A violência política de gênero [2] é considerada uma das principais causas da sub-representação das mulheres na política, e pode ser caracterizada como todo ato com o objetivo de excluir a mulher do espaço político, impedir, obstaculizar ou restringir seu acesso ou induzi-la a tomar decisões contrárias à sua vontade.

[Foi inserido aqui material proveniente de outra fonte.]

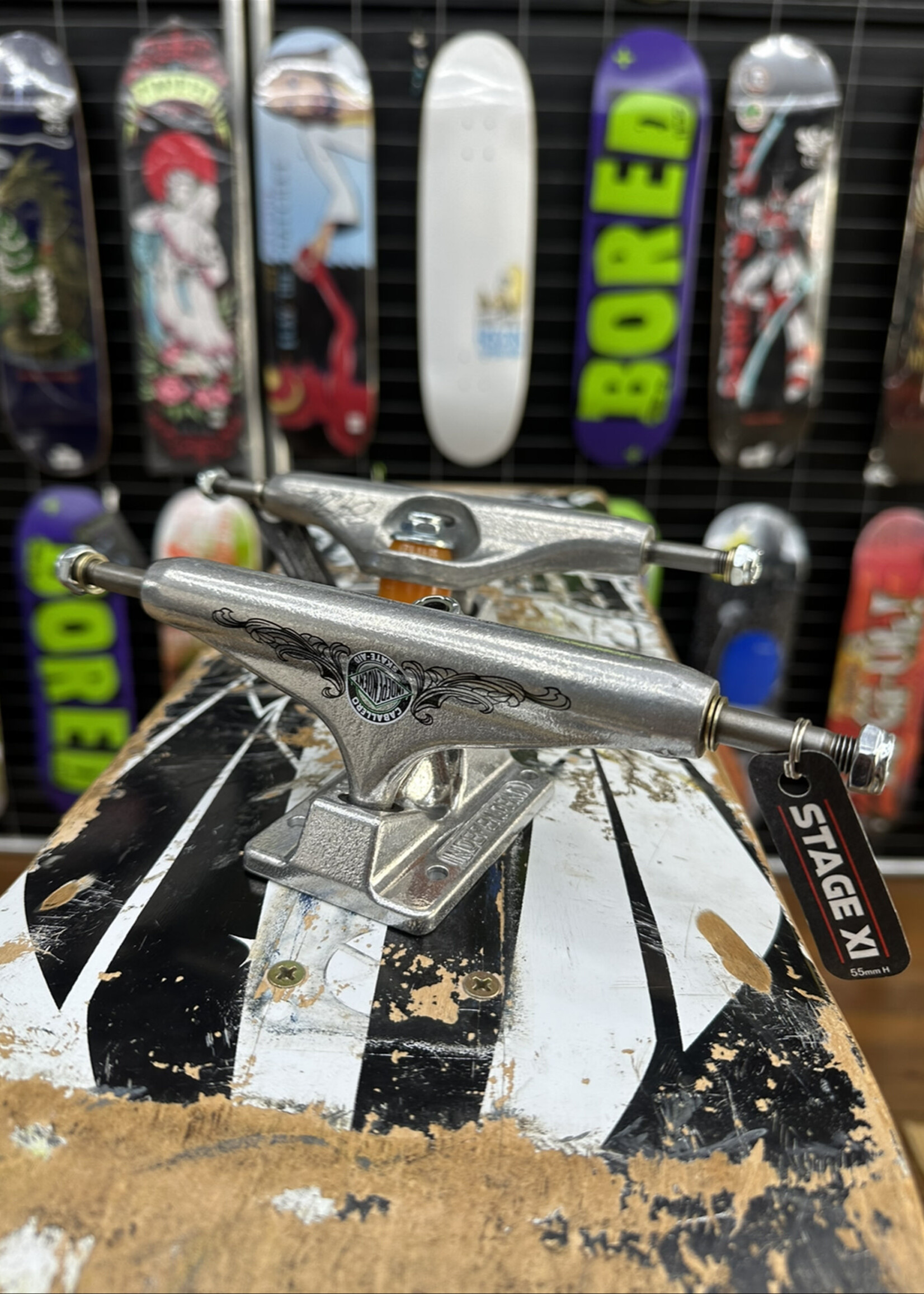 Independent Trucks INDEPENDENT - Stage 11 Pro Steve Caballero Skate Aid Trucks Pair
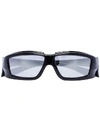 Rick Owens Larry Rick Rectangular-frame Sunglasses In Black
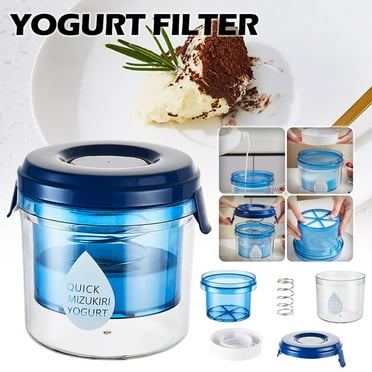 Gracefulvara GHYJPAJK Greek Yogurt Maker Yogurt Filter with Extra Fine Mesh Stainless Steel StrainerReusable Yogurt FilterCheese Moisture FilterKitchen Food Gadgets Tools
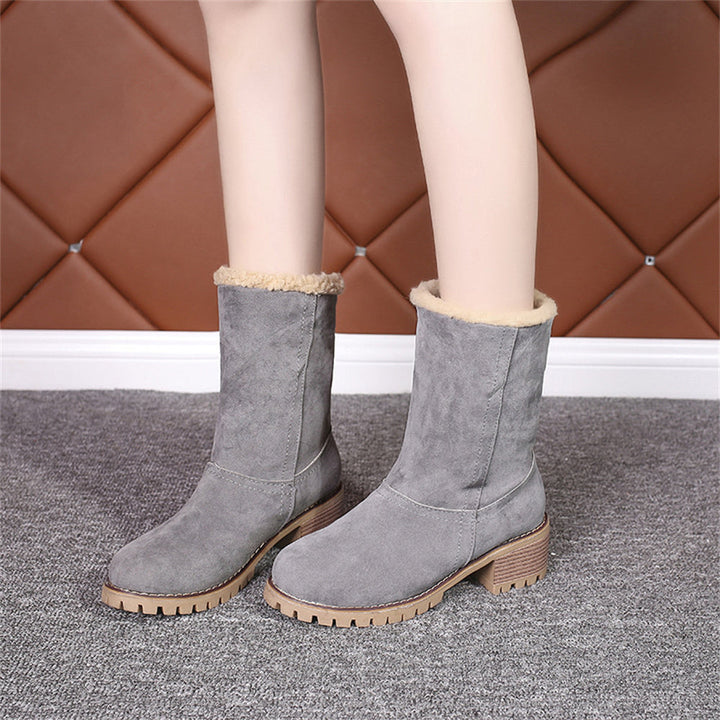 Dorine | Cuffed Ankle Boots Block Heel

E que se agrava quando direcionada um grupo de mulheres especialmente vulnerabilizadas, uma vez que, segundo a Antra (Associação Nacional de Travestis e Transexuais), 80% das mulheres trans eleitas relatam falta de segurança no exercício do cargo [3], em um país que lidera o ranking de assassinatos dessa população.

Tal realidade exige uma atuação comprometida do Estado para proteger e garantir o exercício de seus direitos políticos, não devendo tais discursos serem acobertados pela imunidade parlamentar, considerando que a transfobia foi equiparada pelo STF ao crime de racismo (ADO 26 e MI 4733, j. 13.06.2019).

O ocorrido revela ainda uma falha na redação da Lei nº 14.192/2021, que tipificou o crime de violência política contra a mulher nos códigos Eleitoral e Penal, ao usar a expressão "sexo" em vez de "gênero", que afeta diretamente a garantia dos direitos das pessoas trans.

Toda a literatura e produção legislativa internacional sobre o tema utiliza o termo "violência política de gênero", mas no Brasil se optou por "contra as mulheres". Na verdade, se observa hoje uma grande cruzada contra o termo "gênero" em qualquer circunstância na política brasileira.

Portanto, antes de avançar o debate sobre a violência política de gênero, é necessário compreender o conceito de gênero, em contraste com o conceito de sexo. Enquanto este está relacionado aos aspectos biológicos/orgânicos, nos quais os seres humanos são divididos ao nascer em uma oposição binária entre corpos de "fêmeas" e "machos" [4], "gênero" compreende as características naturalizadas como femininas ou masculinas, porque tratam-se de constructos sociais a respeito dos papéis que lhe são atribuídos [5] e, por tal razão, podem sofrer modificações de sua percepção, conforme as diferentes culturas e períodos históricos.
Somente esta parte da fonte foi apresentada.